Do you really NEED to do a sudden four-lane change at 65 mph, ANTHONY? But despite all the people cutting in three inches from my front bumper, I survived! And so did they, somewhat surprisingly! (I only had to brake hard and hear all of the contents of Gladis slide sickeningly forward one time). Towanda!

The San Jose Bass Pro didn’t have RV parking that I could find and the San Jose Elks lodge RV park was dark and creepy, so I gave up and went to the Hampton Inn. You KNOW I love me some Hampton. Ironic considering how in my last post I was trash-talking motels, but that’s God’s sense of humor, isn’t it?

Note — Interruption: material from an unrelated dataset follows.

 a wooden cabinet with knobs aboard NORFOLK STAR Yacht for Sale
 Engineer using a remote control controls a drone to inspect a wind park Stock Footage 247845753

After 12 hours on the road, I ate some leftovers, drank a bottle of water, took an hour-long shower and turned on the sleep meditation app. It was the most gorgeous, tiring, scary, damnable, wonderful day on the road. Smooches to Gladis, who performed like a champ. Towanda! We can do this thing!




  1. November 18, 2018 11:11

    “If you have a reverent bone in your body, this place will make you want to fall to your knees and give thanks to God for letting you witness this at least once in your life.” This describes Avenue of Giants perfectly.

    • November 19, 2018 07:18

      I don’t think there is anything that describes it perfectly or even adequately, but thank you.

  2. Christine Voth permalink
    November 18, 2018 14:32

    Awesome driving! Great story! Towanda!

  3. November 18, 2018 17:35

    Really living all your stories, Sue. Thanks for the entertainment!

  4. Kindra L Roberts permalink
    November 19, 2018 08:04

    I love the story and your Towanda references (on of my all time favorite movies, it hits me in the feels). I am so excited to be reading about your journey and happy you are taking us along. Safe travels and Towanda!!!!

    • November 19, 2018 09:27

      Thank you! I figured some people would get “Towanda!” and others wouldn’t, and that was ok. Thanks, too, for coming along on the journey. It is by far the wackiest thing I have ever done.